China Bank Chief Finance Officer Patrick Cheng and representatives of four other major Philippine banks discussed their journey and views on sustainability at the Philippine Climate Forum organized by International Finance Corporation (IFC) at the Shangri-La BGC in Taguig on September 14, 2022. The hybrid event gathered over 120 in-person participants and around 50 who joined virtually, representing the country’s key climate stakeholders and IFC’s global climate experts and senior leaders.
The forum aimed to raise awareness of Philippine regulations and policies supporting the financial sector towards green finance pathways, promote green lending and climate investment opportunities in the financial sector and capital markets, and draw lessons from financial institutions on roles and strategies to scale up climate lending and to integrate climate risk management in their business operations and decision-making.

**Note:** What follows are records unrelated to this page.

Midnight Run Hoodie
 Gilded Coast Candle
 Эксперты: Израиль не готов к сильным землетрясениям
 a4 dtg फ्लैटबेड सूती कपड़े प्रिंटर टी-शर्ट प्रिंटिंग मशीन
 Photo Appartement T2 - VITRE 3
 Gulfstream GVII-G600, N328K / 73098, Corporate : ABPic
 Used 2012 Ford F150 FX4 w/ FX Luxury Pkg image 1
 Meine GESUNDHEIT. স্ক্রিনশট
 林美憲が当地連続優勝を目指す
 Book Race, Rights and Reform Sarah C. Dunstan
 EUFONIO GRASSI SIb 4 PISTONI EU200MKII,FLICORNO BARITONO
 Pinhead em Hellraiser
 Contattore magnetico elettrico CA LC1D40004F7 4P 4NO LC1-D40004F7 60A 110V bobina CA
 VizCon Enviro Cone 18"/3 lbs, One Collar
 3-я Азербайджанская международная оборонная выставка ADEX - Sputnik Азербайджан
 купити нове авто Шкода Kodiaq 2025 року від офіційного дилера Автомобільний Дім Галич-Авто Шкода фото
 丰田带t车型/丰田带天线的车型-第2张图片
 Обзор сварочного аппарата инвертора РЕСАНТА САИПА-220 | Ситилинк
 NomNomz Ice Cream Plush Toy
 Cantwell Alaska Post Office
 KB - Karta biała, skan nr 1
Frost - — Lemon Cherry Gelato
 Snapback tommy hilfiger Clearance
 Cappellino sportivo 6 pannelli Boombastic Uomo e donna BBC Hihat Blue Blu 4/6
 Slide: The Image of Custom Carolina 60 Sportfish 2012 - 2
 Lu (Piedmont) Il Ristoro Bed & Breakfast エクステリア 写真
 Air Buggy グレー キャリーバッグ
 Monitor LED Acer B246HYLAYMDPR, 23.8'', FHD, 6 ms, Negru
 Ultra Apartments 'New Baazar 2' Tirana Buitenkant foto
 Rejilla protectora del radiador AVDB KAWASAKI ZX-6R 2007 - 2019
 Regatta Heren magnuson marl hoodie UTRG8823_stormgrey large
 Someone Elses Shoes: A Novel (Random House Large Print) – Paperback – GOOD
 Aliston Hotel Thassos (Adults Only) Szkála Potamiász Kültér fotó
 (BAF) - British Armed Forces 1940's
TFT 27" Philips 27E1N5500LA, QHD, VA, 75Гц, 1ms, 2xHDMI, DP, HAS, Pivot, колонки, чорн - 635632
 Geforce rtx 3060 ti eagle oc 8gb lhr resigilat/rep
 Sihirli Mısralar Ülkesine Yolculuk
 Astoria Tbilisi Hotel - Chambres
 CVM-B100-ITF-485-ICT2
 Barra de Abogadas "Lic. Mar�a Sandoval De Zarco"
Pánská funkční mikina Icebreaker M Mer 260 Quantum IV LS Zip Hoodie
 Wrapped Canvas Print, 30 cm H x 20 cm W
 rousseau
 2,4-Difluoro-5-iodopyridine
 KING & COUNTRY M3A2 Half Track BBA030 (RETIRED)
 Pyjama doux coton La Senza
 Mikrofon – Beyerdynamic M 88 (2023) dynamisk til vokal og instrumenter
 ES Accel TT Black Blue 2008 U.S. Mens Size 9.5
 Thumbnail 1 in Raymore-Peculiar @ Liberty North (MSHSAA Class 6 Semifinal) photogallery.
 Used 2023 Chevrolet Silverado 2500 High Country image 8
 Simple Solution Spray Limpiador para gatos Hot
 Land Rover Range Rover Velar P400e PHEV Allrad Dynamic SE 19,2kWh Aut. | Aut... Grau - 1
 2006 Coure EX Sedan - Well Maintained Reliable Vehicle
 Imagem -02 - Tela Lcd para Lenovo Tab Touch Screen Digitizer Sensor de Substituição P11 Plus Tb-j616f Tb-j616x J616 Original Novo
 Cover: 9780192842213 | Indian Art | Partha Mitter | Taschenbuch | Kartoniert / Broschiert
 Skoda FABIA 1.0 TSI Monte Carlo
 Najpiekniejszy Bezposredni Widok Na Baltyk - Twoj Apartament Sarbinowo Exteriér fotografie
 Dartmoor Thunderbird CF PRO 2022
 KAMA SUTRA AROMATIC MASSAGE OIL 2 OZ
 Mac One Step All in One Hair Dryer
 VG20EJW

During the panel discussion, the China Bank CFO shared how China Bank aims to achieve its green transformation, noting that the Bank keeps sustainability in mind and as part of its strategy as it works towards achieving its business goals. He highlighted that China Bank positions its sustainability initiatives through three key priorities or channels—through its people, through its financing activities, and through risk management—and that the Bank has been making good progress, including the establishment of a sustainability team, raising US$150 million through its maiden green bonds and arranging award-winning sustainability-themed capital market deals, and developing an environment & social risk management framework to protect its assets from climate change risks.
“Being aware of the impacts of climate change to the Bank, we are currently putting more emphasis in conducting a vulnerability assessment of our asset portfolio to transition and physical risks, and reviewing our risk appetite statement to include climate change risks,” said Cheng.
He also shared how China Bank looks at sustainability and revenue growth as strong interlinked components that go hand-in-hand to sustain corporate performance, protect the environment, and create stakeholder value. “We believe that the Bank’s revenues should not be gained at the expense of poor
governance, which is why we evaluate projects on a long-term basis,” he noted, then explained the key challenges. “For example, while the Bank highly supports the use of renewable energy, we cannot simply terminate its funding to fossil-fueled projects as it generates more than 70% of the country’s energy needs. We believe that proper education, and financing should be available to companies as we wish to transition into a low-carbon economy. In addition, there should be a collaboration between the public and private sectors as it recognizes that the shift to renewable energy should be in phases.”
Cheng concluded: “We have to make this work, because as mentioned by other climate leaders: There is only One Earth. There is no Plan B.”
The Climate Forum is part of IFC’s initiative to help mobilize private sector financing to more climate-friendly projects in four chosen countries: Egypt, Mexico, South Africa, and the Philippines. Dubbed as the ’30 by 30 zero’ program, its goal is to work with financial institutions to strengthen their role as aggregators of climate financing by growing their climate-related lending to 30% of total portfolio with near zero coal exposure by 2030, as well as to draw more issuers with climate-themed bond offerings to the market.